People with all the desire in the world to succeed at their resolution fall short within the first week.
Ipswich life coach Ronita Neal shared some advice with The Queensland Times on ways to keep your resolutions in 2016.
Think through your resolution
“The problem is seven seconds from midnight and maybe with a few drinks under your belt is not the best time to make a resolution about change,” Ronita said.
Don’t make too many resolutions
“It is not useful to make a whole heap of impulsive resolutions that it will be impossible to keep and so you start the year as a failure.”
Make ‘smart’ resolutions
Ronita describes smart resolutions as being specific, measurable, achievable, relevant and time bound.

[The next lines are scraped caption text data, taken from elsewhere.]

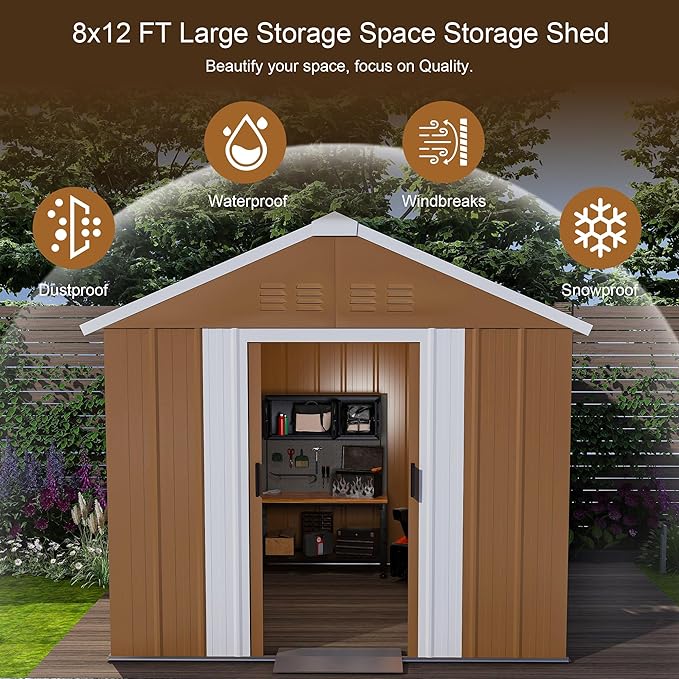 KEIKI 6X4 FT Heavy-Duty Outdoor Storage Shed, Metal Storage Shed with Windows, Lockable Door & Ventilation, Weatherproof Outdoor Garden Shed for Garden, Backyard, Patio, Lawn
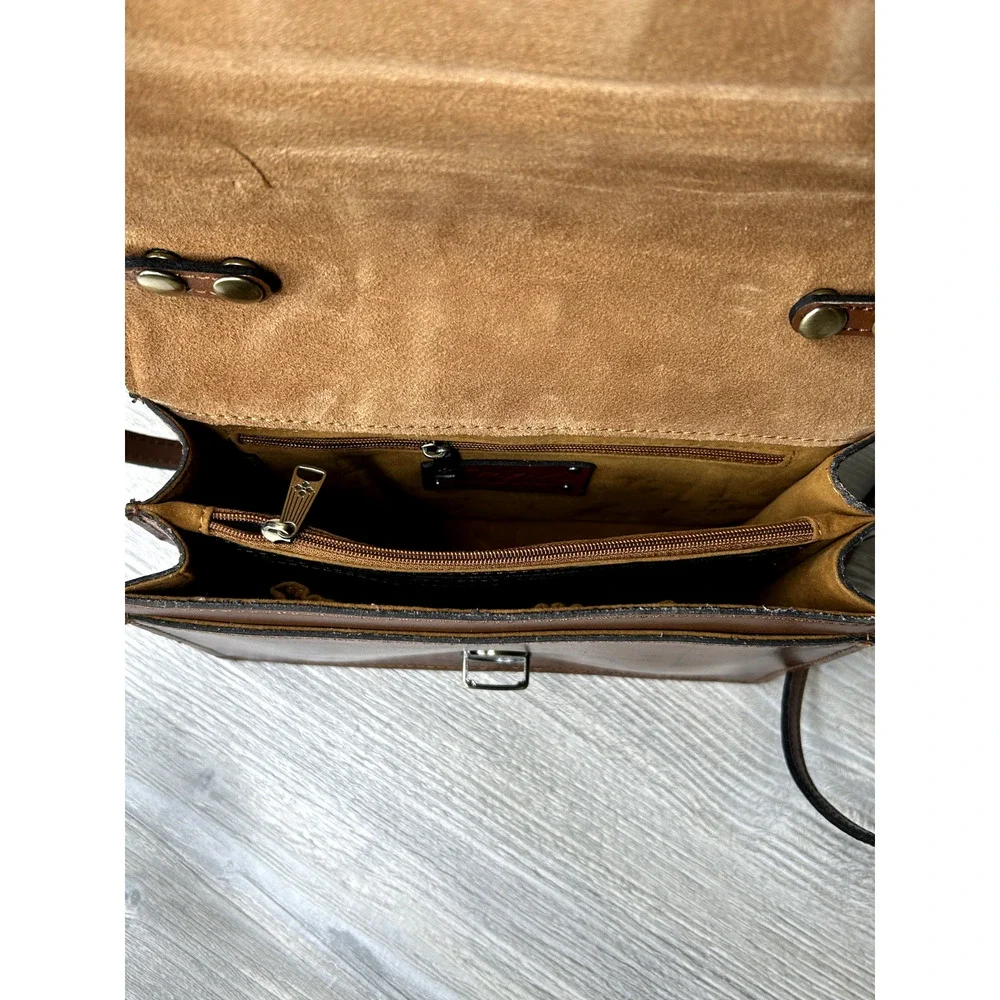 Patricia Nash Laurentina Signature Map Leather Bag Crossbody Purse w/DustBag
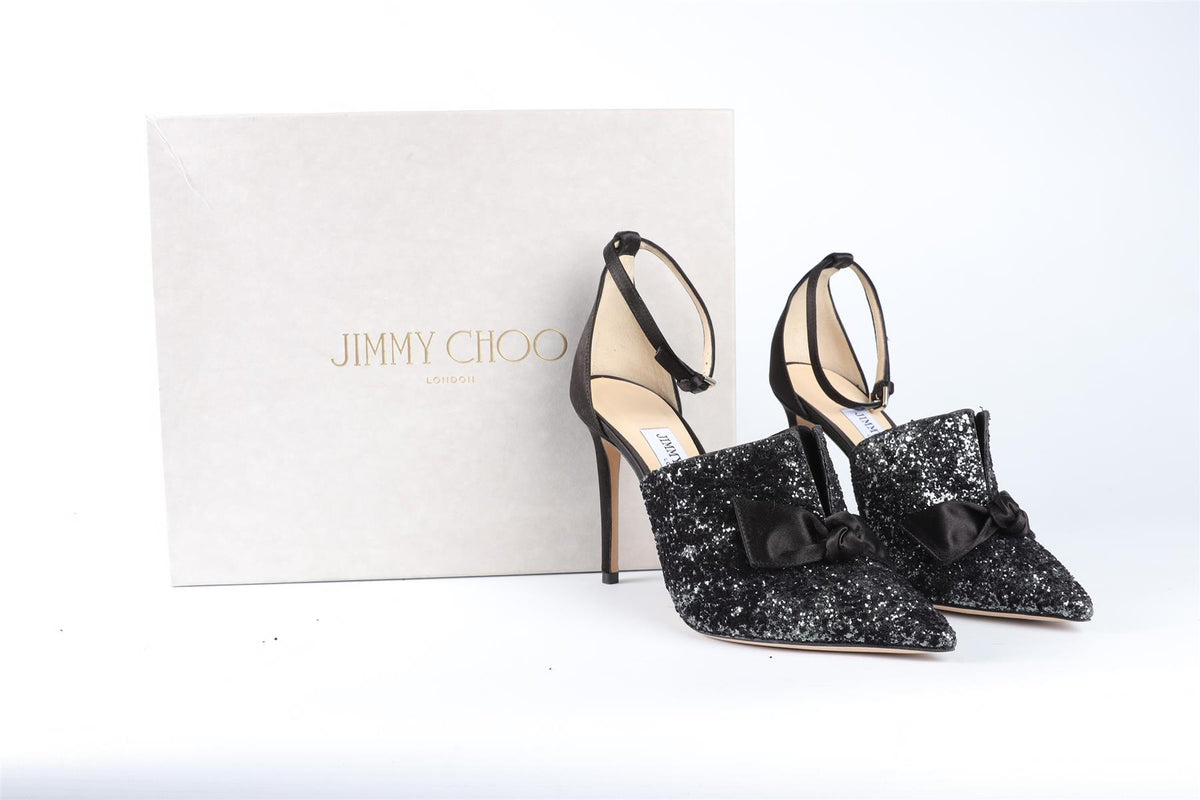 JIMMY CHOO BLACK GLITTER PUMPS EU 37 UK 4 US 7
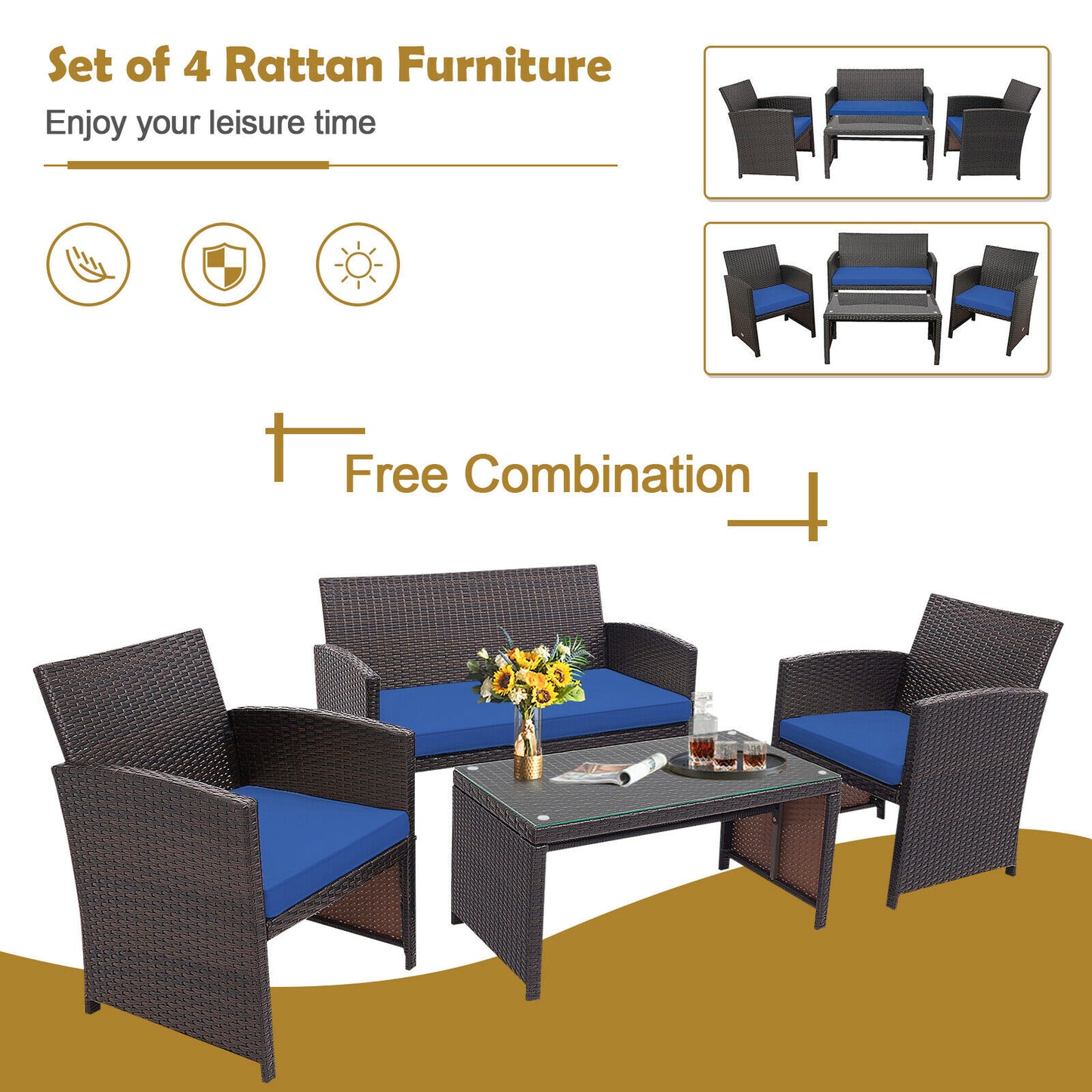 4PCS Patio Rattan Furniture Set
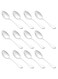 Wnk Leopardi Table Spoon Set - 12 Pieces - Silver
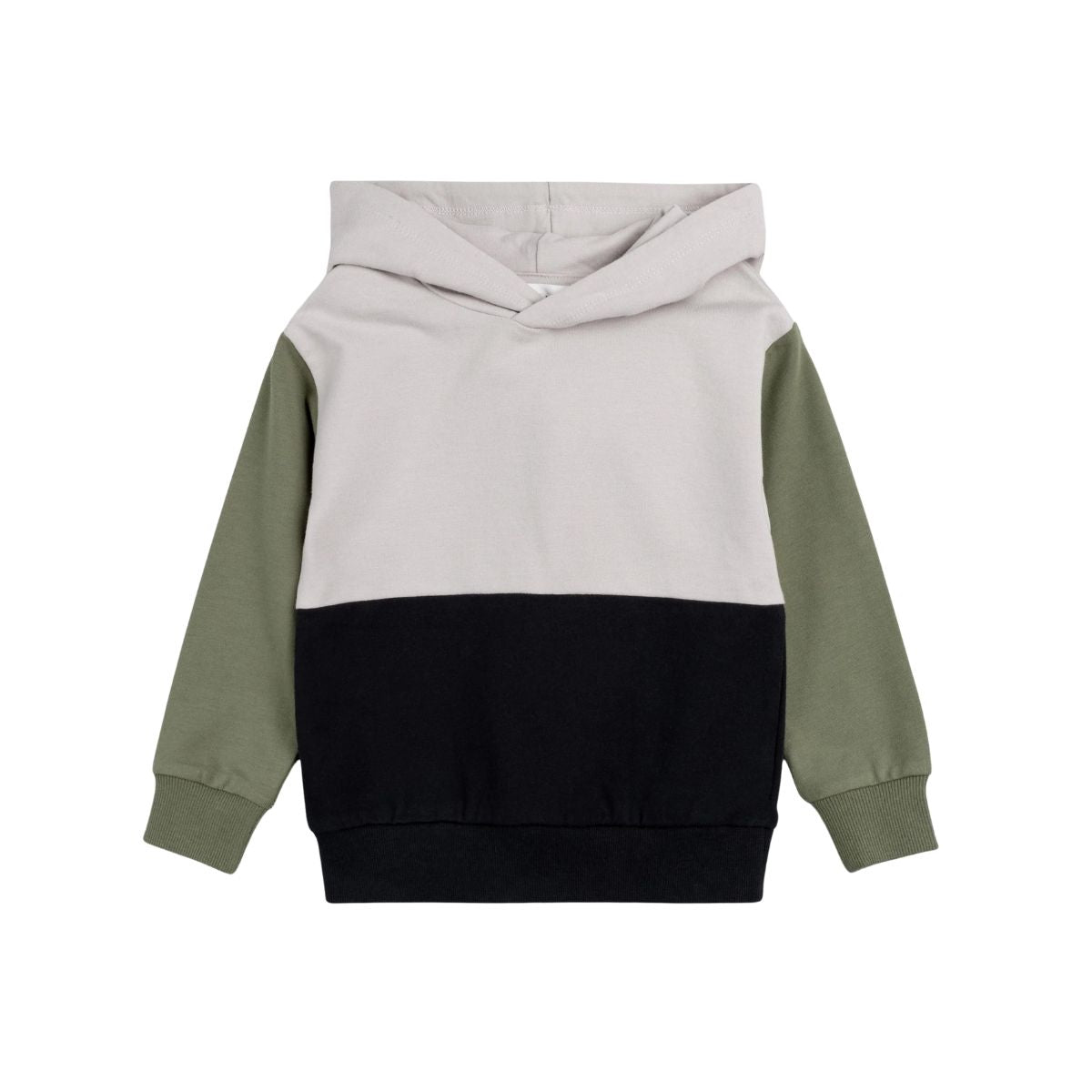 Cement Color Block Hooded Sweatshirt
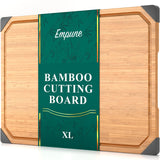 Bamboo Cutting Board, Empune Wood Cutting Boards for Kitchen with Non-slip Rubber Feet Wooden Chopping Board for Meat and Vegetables, XL Empune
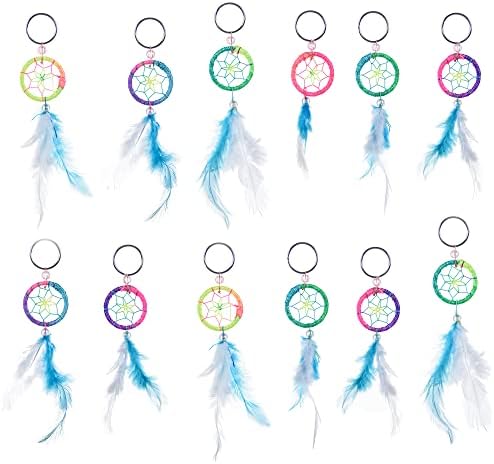 Rainbow Dream Catcher Key Chain Set - 12PCS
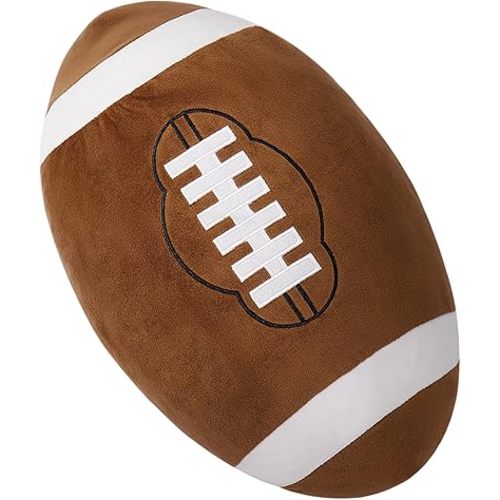 Football Plush, 18" Soft Football Stuffed Throw Pillows, Fluffy Cute 3D Stuffed Ball Indoor Outdoor Plushies Decoration, Games Sports Toy Gift for Boys and Girls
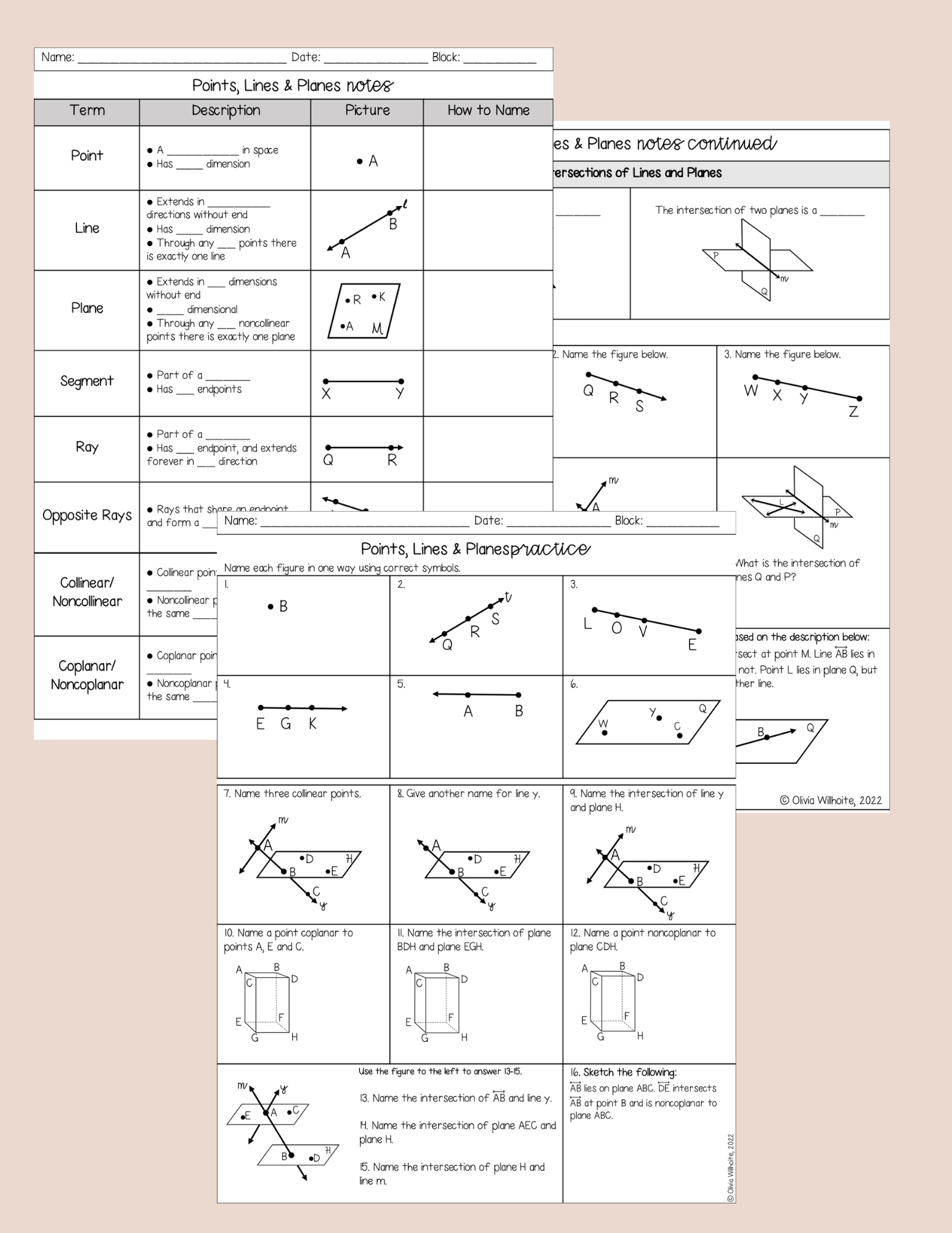 Points Lines And Planes Notes Worksheet Classful
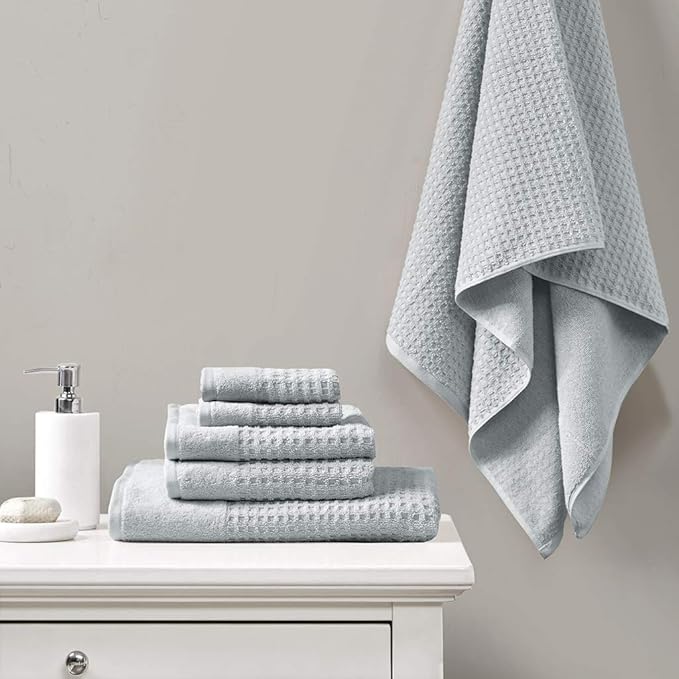 Madison Park Spa Waffle 100% Cotton Luxurious Towel Set, Premium Texture Waffle Weave, Highly Absorbent, Quick Dry, Hotel & Spa Quality Wash Clothes for Bathroom, Assorted Sizes, Blue 6 Piece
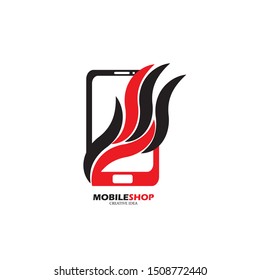 Mobile phone vector logo design template
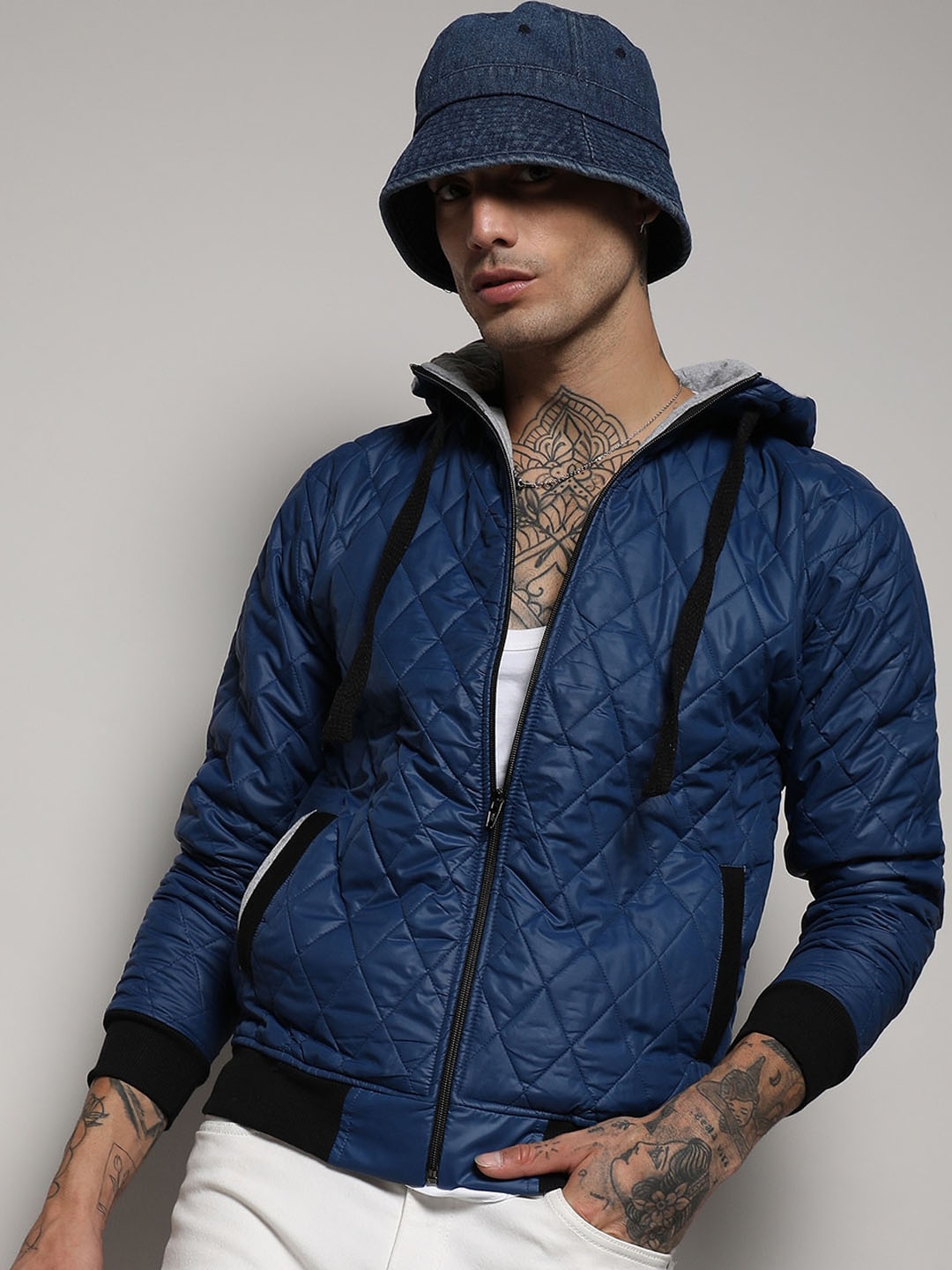 

Campus Sutra Blue Windcheater Hooded Quilted Jacket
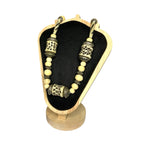 Vintage Carved Bovine Bone with Metal Spacer Beads Necklace Tribal Boho 1970s Vintage Reproduction Jewellery by TheVoyageBird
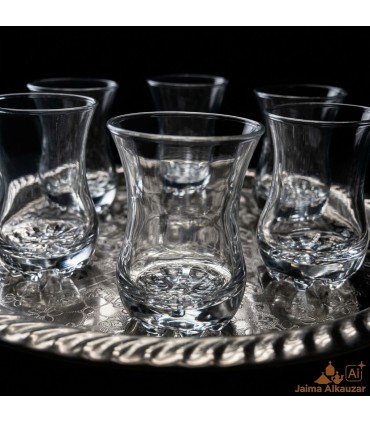 Set 6 Verres à Thé Turc Zujaj en Verre Trempé avec Soucoupes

“Change is hard and we need to make sure we have carefully considered what we want in the context of our life goals,” Ronita explained. “It is a good idea to think about all the different areas of your life and where you would most benefit from making changes.”
Remember change takes time
“In order to keep your resolutions and achieve your goals, you will need to keep up your motivation over a long period of time, but most of us give up too quickly,” she said.
Sticking to change could take up to three months of constantly making the choice.
“When you are trying to break a habit your brain usually has a very short-term focus and will throw a “tantrum” to get what it wants (the old way) now. Just remind yourself why you are making the change (long-term goal) and don’t go for the short-term pleasure.”
Resolve to change what you can control
Setting a goal to lose a certain amount of weight in a certain number of weeks may seem like a good resolution. But while it’s specific and measurable, the outcome isn’t entirely under your control.
According to Ronita, a resolution we can control is how much effort we put in.
“Have you been for your walk, did you do your weights session at the gym, did you leave the yummy packet of chocolate biscuits in the shop, and have you avoided the deep fried chips this week?” Ronita said.
“This continued effort, if at a sufficiently serious level, will eventually yield results such as being fitter, healthier, more active, more toned and happier.”
Don’t stop working
“Set progressively harder targets and make sure there is no end point for habits you need to keep going (for example, lose five kilograms for a specific event) because then your brain will have no reason to continue with the new habits.”
Take small steps
“If you are confident and are working on bigger work goals make sure you still cut them down into smaller steps. Measure, reward … and review frequently.”